NOTES TO CONSOLIDATED FINANCIAL STATEMENTS — (Continued)
 
 
  •  second, 98% to the common unitholders, pro rata, and 2% to the general partner, until we distribute for each outstanding common unit an amount equal to any arrearages in payment of the Minimum Quarterly Distribution on the common units for any prior quarters during the subordination period;
 
  •  third, 98% to the subordinated unitholders, pro rata, and 2% to the general partner, until we distribute for each subordinated unit an amount equal to the Minimum Quarterly Distribution for that quarter;
 
  •  fourth, 98% to all unitholders, pro rata, and 2% to the general partner, until each unitholder receives a total of $0.3881 per unit for that quarter (the First Target Distribution);
 
  •  fifth, 85% to all unitholders, 2% to the general partner and 13% to the holders of the Incentive Distribution Rights, pro rata, until each unitholder receives a total of $0.4219 per unit for that quarter (the Second Target Distribution);
 
  •  sixth, 75% to all unitholders, 2% to the general partner and 23% to the holders of the Incentive Distribution Rights, pro rata, until each unitholder receives a total of $0.50625 per unit for that quarter (the Third Target Distribution); and
 
  •  thereafter, 50% to all unitholders, 2% to the general partner and 48% to the holders of the Incentive Distribution Rights, pro rata, (the Fourth Target Distribution).
 
Distributions of Available Cash after the Subordination Period.  The partnership agreement requires that we make distributions of Available Cash from operating surplus for any quarter after the subordination period in the following manner:
 
  •  first, 98% to all unitholders, pro rata, and 2% to the general partner, until each unitholder receives a total of $0.3881 per unit for that quarter;
 
  •  second, 85% to all unitholders, pro rata, 2% to the general partner and 13% to the holders of the Incentive Distribution Rights, until each unitholder receives a total of $0.4219 per unit for that quarter;
 
  •  third, 75% to all unitholders, pro rata, 2% to the general partner and 23% to the holders of the Incentive Distribution Rights, until each unitholder receives a total of $0.50625 per unit for that quarter; and
 
  •  thereafter, 50% to all unitholders, pro rata, 2% to the general partner and 48% to the holders of the Incentive Distribution Rights.
 
Note 6 — Net Income per Limited Partner Unit
 
The Partnership’s net income is allocated to the general partner and the limited partners, including the holders of the subordinated units, in accordance with their respective ownership percentages, after giving effect to incentive distributions paid to the general partner.
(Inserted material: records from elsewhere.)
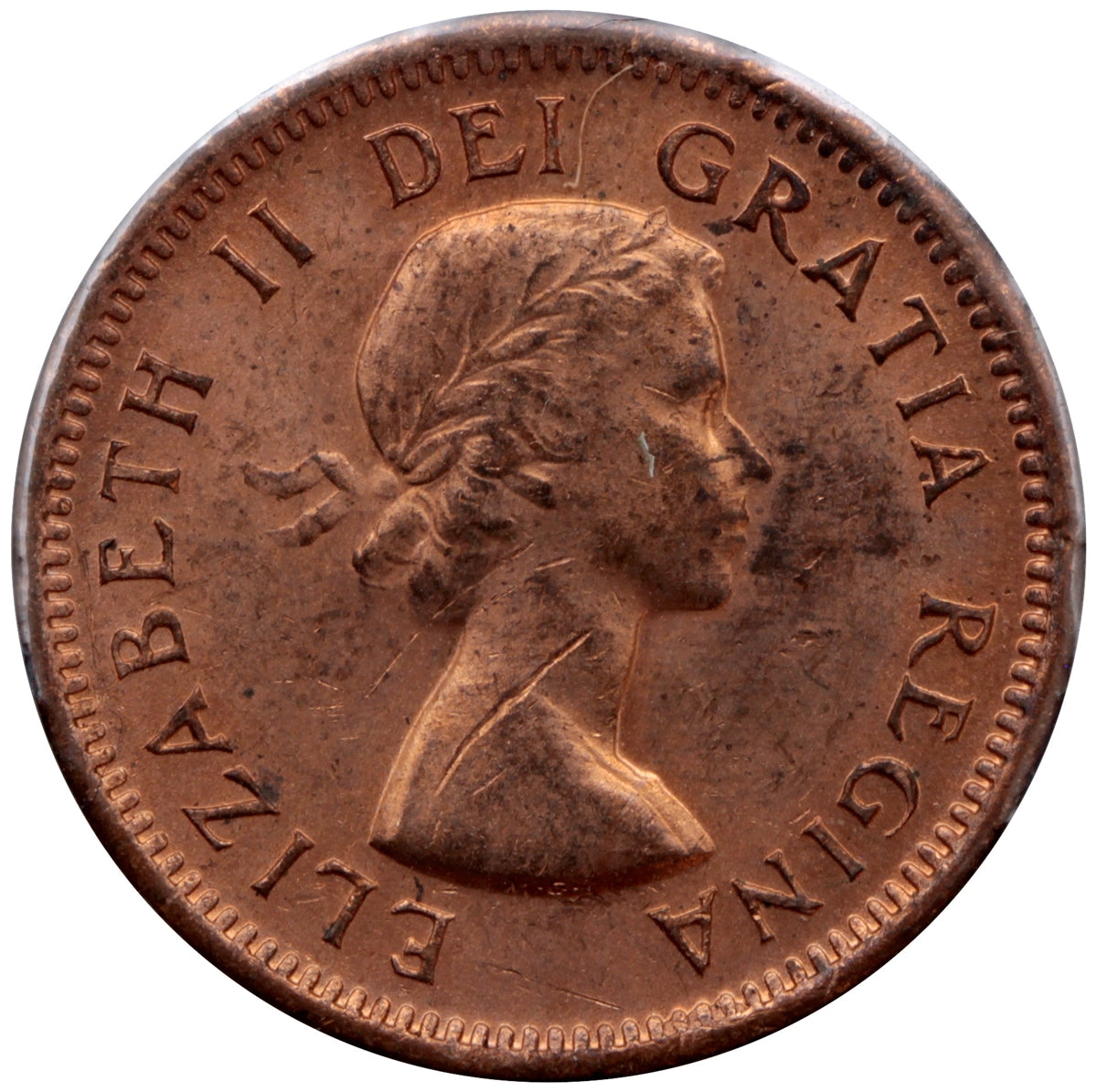 1953 NSS Hanging 3 Canada 1-cent UNC+ (MS62) – Colonial Acres Coins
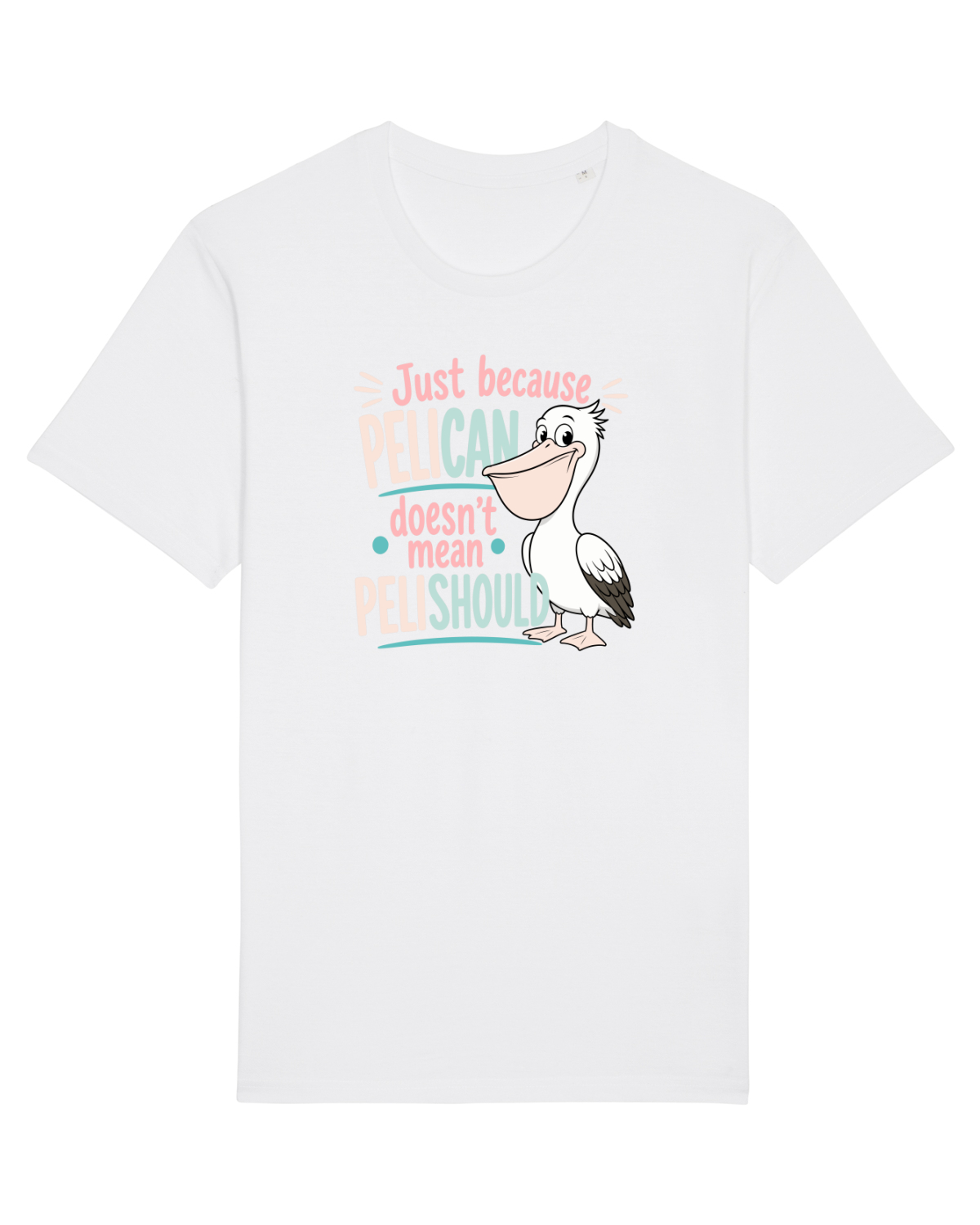 Tricou mânecă scurtă Unisex Rocker White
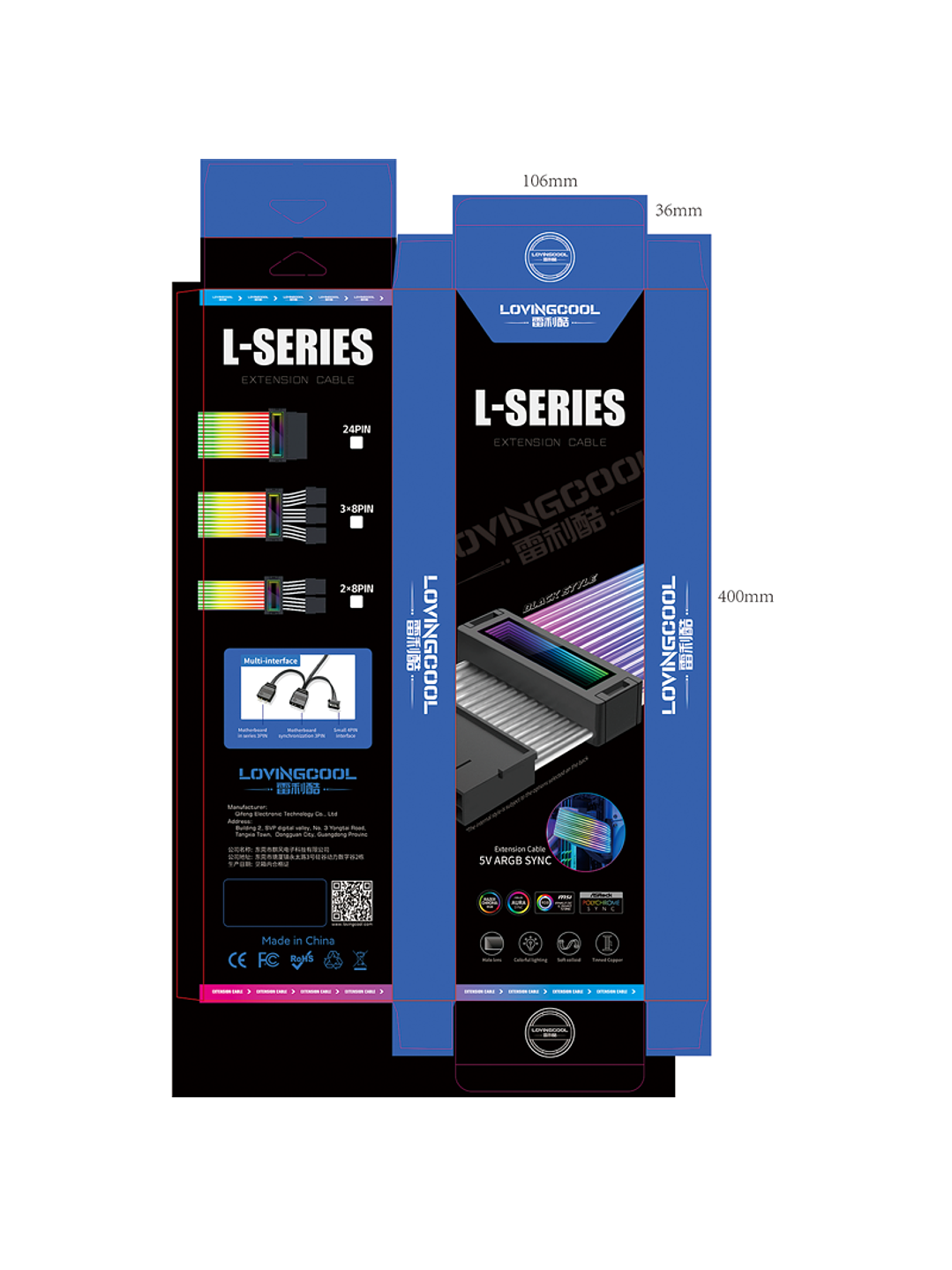  Cables de Alimentación para PC – 24PIN, 2×8PIN y 3×8PIN  Compatibles con GPU y Placa Base 8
Basic and diluted net income per limited partner unit is calculated by dividing limited partners’ interest in net income, less general partner incentive distributions, by the weighted average number of outstanding limited partner units during the period.
 
Basic earnings per unit is computed by dividing net earnings attributable to unitholders by the weighted average number of units outstanding during each period. Diluted earnings per unit reflects the potential dilution of common equivalent units that could occur if securities or other contracts to issue common units were exercised or converted into common units.
 
Due to the timing of our IPO, a pro-rated distribution for the first quarter of 2007 of $0.16875 per unit (approximately $5.3 million) was declared by the Board of Directors of our general partner on April 23, 2007 and paid on May 15, 2007. A distribution for the second quarter of 2007 of $0.3375 per unit (approximately $10.6 million) was declared on July 23, 2007 and paid on August 14, 2007 to unitholders of record as of the close of business on August 2, 2007. A distribution of $0.3375 per unit (approximately $10.6 million) was declared on October 24, 2007 and paid on November 14, 2007. A distribution of $0.3975 (approximately $18.7 million) for the fourth quarter of 2007 was declared on January 24, 2008 and was paid on February 14, 2008.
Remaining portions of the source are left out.